В эту минуту незнакомец нагнул голову, и она вместе с тощей шеей, придававшей ему сходство со старым петухом, попала в полосу света. Лицо было узкое, изможденное, с большим красным носом; тонкие бледные губы кривились, обнажая почти беззубые десны; а глаза были старые-старые, совсем выцветшие только вокруг зрачка сохранился тонкий окрашенный ободок - и то и дело подергивались пленкой, как глаза попугая. Он не носил бороды и усов, но лицо его уже заросло щетиной. Волосы у него - он снял шляпу - были густые, прямые, разделенные посредине ровным пробором и, насколько Шелтон мог разглядеть, темные, без малейшей седины.
- Я мог бы примириться с этим, - продолжал он. - Я никогда не вмешиваюсь ни в чьи дела, и никто не вмешивается в мои, но одно меня страшит, - и голос его зазвучал твердо, точно был слишком напуган, чтобы дрожать, - ведь никогда не знаешь, что ждет тебя завтра.
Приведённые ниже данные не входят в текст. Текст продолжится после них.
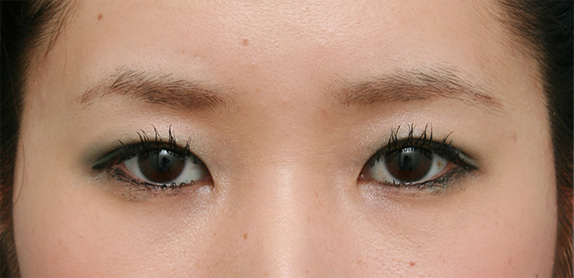 症例写真,二重まぶた・全切開法の症例 まぶたに脂肪が多く腫れぼったい目だった女性,After(メイクあり)<br/>
(3ヶ月後),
Вот что ужасно!
- Да, должно быть, - заметил Шелтон.
- Ох, и в самом деле ужасно! - сказал старик. - И к тому же приближается зима. А я не привык много бывать на воздухе: всю жизнь служил в хороших домах. Но я даже не против этого - лишь бы была возможность заработать на хлеб. Вот сейчас я, слава богу, наконец получил работу. Голос его сразу повеселел, - Правда, мне никогда не приходилось продавать газеты, но "Вестминстерская", говорят, одна из самых почтенных вечерних газет; да я и сам это знаю. Так что теперь я уверен, что проживу, во всяком случае буду стараться.
- А как вам удалось получить эту работу? - спросил Шелтон.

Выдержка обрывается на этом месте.